If you’re concerned with your credit score and general financial healthy, you’ve probably heard of Experian, Equifax, and TransUnion. They collect information about how much available credit you have and how you use it. What you may not be aware of is that there’s a similar group who monitors how you bank.
ChexSystems is a consumer reporting agency which compiles a report of everything that your banks have reported in your last 5 years of banking. But unlike credit reports, Chex reports only contain negative information.
When you’re joining a new bank, you may be denied an account if your Chex report includes enough negative items (even 1 may do it). It’s the bank’s way of protecting themselves (and their other customers). Unfortunately, if you have a good history overall, a few mistakes may make banks consider you too much of a risk.
What’s In a Chex Report?
A number of things may go into a Chex report. If you frequently overdraw your account (bouncing checks) or if you deposit a lot of bad checks, that may show up on your Chex report. If your bank thinks that you’re trying to defraud them or defraud others through your account (using it to run a 419 scam would be a random example), they may report it to your Chex report.
One thing that’ll definitely be on your Chex report: unpaid balances with the bank itself! Overdraft charges, fees, unpaid lines of credit, if you owe them and don’t pay, it’ll end up on your Chex report.
The good news is that ChexSystems doesn’t automatically see your account activity, your bank has to choose to report it. So if you bounce a few checks but clear everything up right away, your bank may not report it at all. Often banks have guidelines about what does and doesn’t get reported. But if you let your account remain delinquent for 3 months or if you commit fraud, it’ll probably end up in your report.
Can I See My Chex Report?
Because Chex is under the same rules as the three credit bureaus, you can order your Chex report once a year and if you’ve been denied a bank account because of it in the last 60 days. (You can get free copies of your credit report from each bureau, once a year at annualcreditreport.com.)
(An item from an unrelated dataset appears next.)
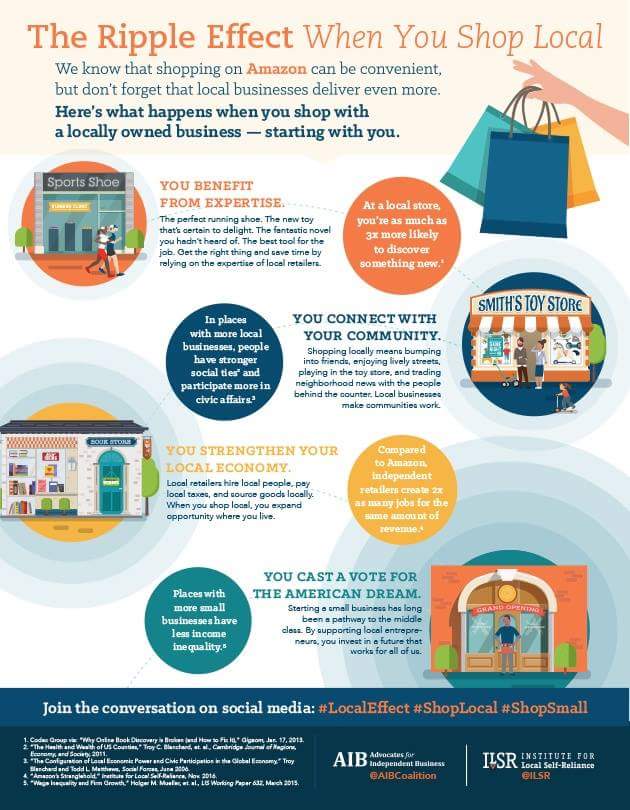 LCharkoudian's tweet photo. Saturday is #ShopSmallSaturday. What is your favorite local business? #LocalEffect #ShopSmall #ShopLocal #EconomicMultiplier https://t.co/NkfwpzFzCq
And you can place an alert with Chex if your ID has been stolen, just as you do with the credit reporting agencies.
How Can I Improve My Chex Report?
First, the Chex report only contains information from the last 5 years. Anything before then doesn’t count. So start by getting your financial life in order going forward. If nothing else, time will take care of it. Also, some banks will still let you open accounts as long as you don’t have any issues from the last year and have paid everything, so a problem in a Chex report may not keep you from getting a bank account.
In getting your finances straight, talk to a bank representative about how you can fix the problems they’ve reported. Work with them to figure out you can pay and what the bank will accept. If you’re somehow in too deep, the bank may be willing to settle for less than the amount owed. So don’t give up if it seems too big, remember that the bank would rather have some money than nothing.
Once you’ve paid your bank, you can request that they ask Chex to remove the incident entirely. The bank is required to update the information by adding that you’ve paid or settled the account, but they’re not required to ask that it be removed. Remember this when you’re working with the bank representative. Politeness can pay off big.
If your Chex report includes errors, you may file a dispute just as you can with credit reports.
Can I Get a Bank Account Despite a Bad Chex Report?
Maybe. A lot of it depends on what’s in your report and which banks you try. A good place to begin is getting your annual free copy. Of course, if you’ve just been denied because of ChexSystems you’re also entitled to a free copy.
Talk to all the banks and credit unions in your area, different ones have different approaches and some don’t even check with ChexSystems. If they’ve denied you, ask to meet with someone from the institution and find out if they offer you any other options or if they know of reputable banks which will offer you second chance bank accounts. For example, Wells Fargo has what they call “opportunity accounts” for people with poor banking or credit history.
If you have any bank accounts open, don’t close them unless there’s something very wrong with the bank. By “wrong” I mean that the bank is mishandling your payments, losing your money, or something dramatic. If you’re having trouble opening a new bank account, then you may have to put up with monthly fees, low interest, etc for now. You can try opening other accounts, but don’t close the old one until you have a new account established.